What the reader is gifted with is not just an incredibly detailed and well researched study of Washington, but also a first rate account of the American Revolution. Having read other books on this subject, most of which were by Joseph J Ellis, it can certainly be said that this is additionally an informative study of the American Revolution.
Chernow provides a wholey objective and de-mythologized study of Washington, however, he does answer key questions as to why Washington attained such an apotheosis in both life and death, he led a ragtag, unprofessional army to a seemingly impossible victory against the greatest power of the day, he resigned his commission and threw away any pretensions of power returning to public service only through popular demand, and he exercised the office of the Presidency in a noble, non-partisan manner, which shaped the Presidency into the office that it is today.
Washington was often called the American Cincinattus, and this biography clearly shows why, as Washington is frequently portrayed as a reluctant participant in the public square, reluctantly presiding over the Constitutional Convention and serving two terms as President.
The main glitch on Washington's record, slavery, is shown largely in unfavorable light, presenting Washington as a half-hearted, would be abolitionist, full of empty rhetoric. Even toward the end of his life, he remained vigilant against escaped slaves, however, he did free his slaves in his will, something no other slave holding Founding Father did.
A frequently recurring detail is Washington's teeth (or lack of) and his makeshift supply of dentures (no they were not wooden, as popular mythology would have us believe) and how his public speaking, often breathy and rather quiet, was not quite as heroic and imposing as the popular imagination would have us believe.
Within this volume, Chernow goes against the somewhat fashionable intellectual tradition of portraying Washington as a Deist. Washington clearly comes across as a sincere and practicing Christian, although not as evangelical as some would like to believe. His invocation of the almighty is frequently tinged with hints of his Masonic background, speaking of the Great Architect or the author of all, however, there is little within this study that could reasonably put him in the Deist camp.
Overall, this book is strongly recommended to enthusiasts of American History, or anyone wishing a better understanding of the founding period, or a better understanding of Washington himself. A scholarly, readable, and highly informative book.

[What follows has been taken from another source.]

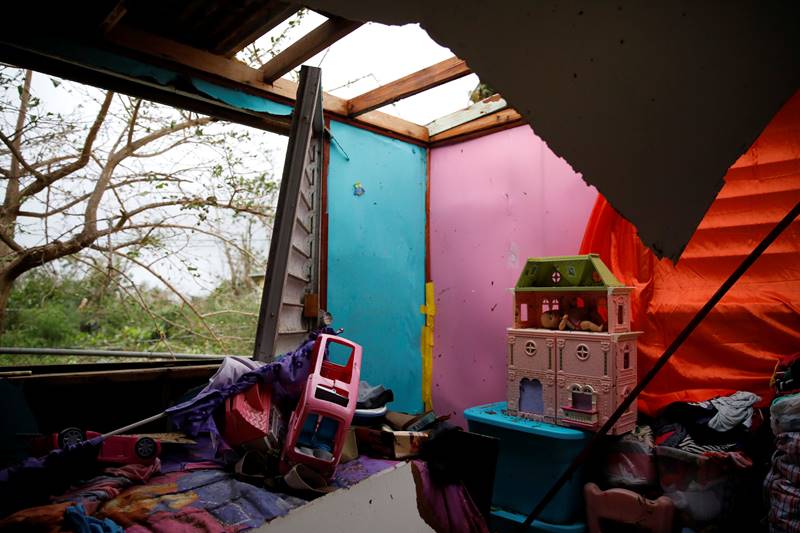Hurricane Maria, Puerto Rico, hurricane, US terretory, Caribbean, storm, rain, flood, rain fury, flood fury, thunderstorm, world news, puerto rico pics, puerto rico latest update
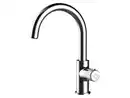 Bild 1 von Duschwell Bad Waschtischarmatur Basic, mit Neoperl Luftsprudler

Washington's key gift to posterity was his refusal to turn the US presidency into a Monarchy (or rather himself into the King) that many excepted and would have welcomed. Prior to that it was his probably unique ability to hold together the under equipped and demoralised Continental army during terrible winters in awful conditions while Congress prevaricated and held back pay and equipment.

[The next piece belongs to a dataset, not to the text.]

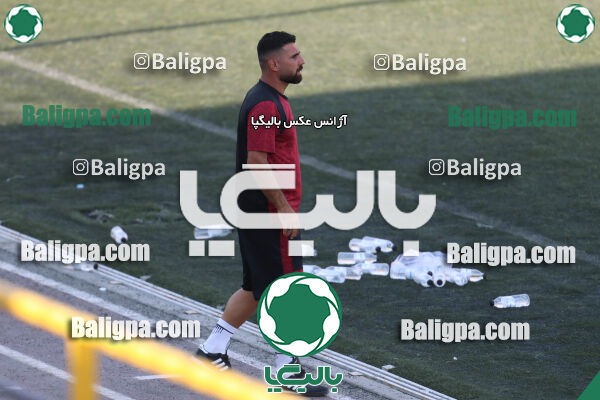 پیکان 1–0 پارسیان جوان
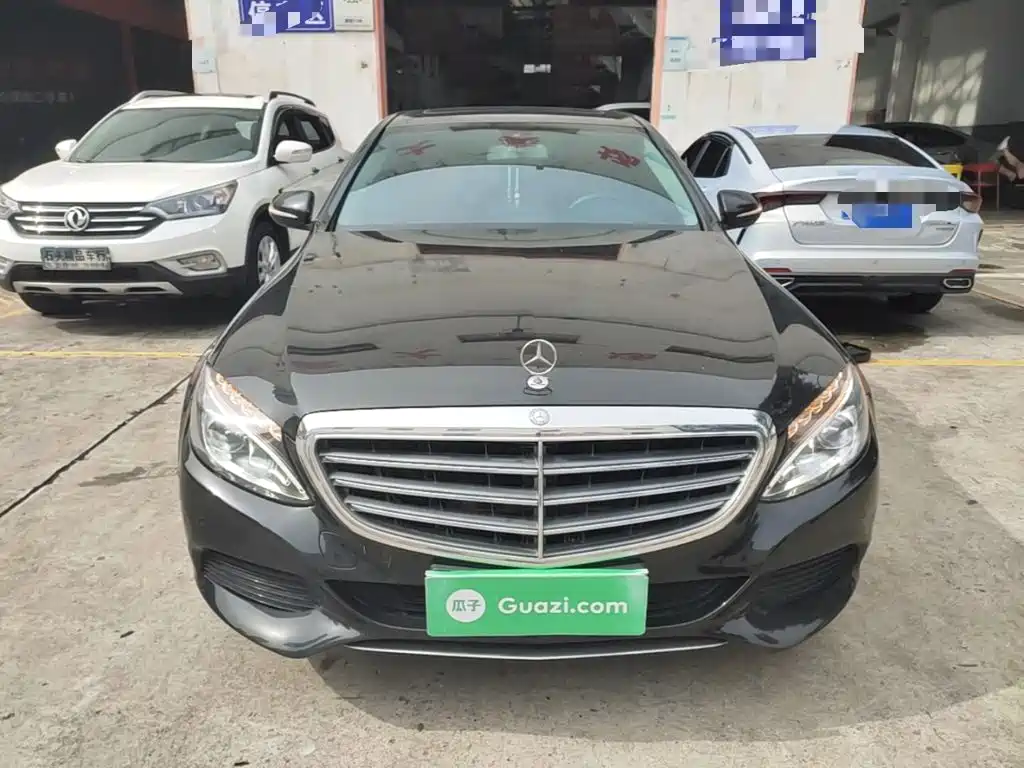 Mercedes-Benz C-Class 2016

Chernow's produced an epic work with all the detail anyone, short of an academic, could hope for. It rightfully won a Pulitzer.

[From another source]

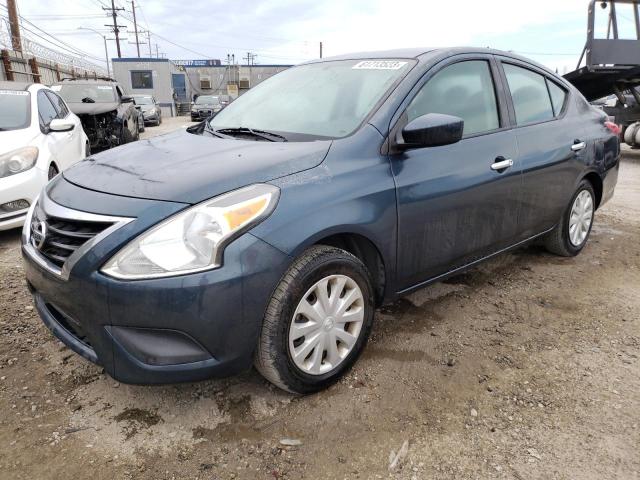 2016 Nissan Versa S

However, I have a couple of issues. The first is the tiresome adjectives applied to (mainly women), his mother was "shrewish", someone's wife was (pick from any number of words referring to her weight). Other than that we have the regular reference to how attractive or otherwise they appeared.
The other problem is while he attempts to grapple with the issues of slavery it seems equivocal. It feels like the premise of owning other people is accepted, as opposed to simply describing context.
This is always going to be an issue when writing about Washington, Jefferson and other owners of enslaved people. The question an author needs to answer is, would they write differently if they were imagining their own ancestors were the people being described, would this change their prose?
Great piece of work, highly recommended (with caveats) but let's hope publishers can engage and promote a wider diversity of biographers - the stories of the past will become richer and more informative if we start to depart from not just hearing from the white, middle aged males (and I speak as one).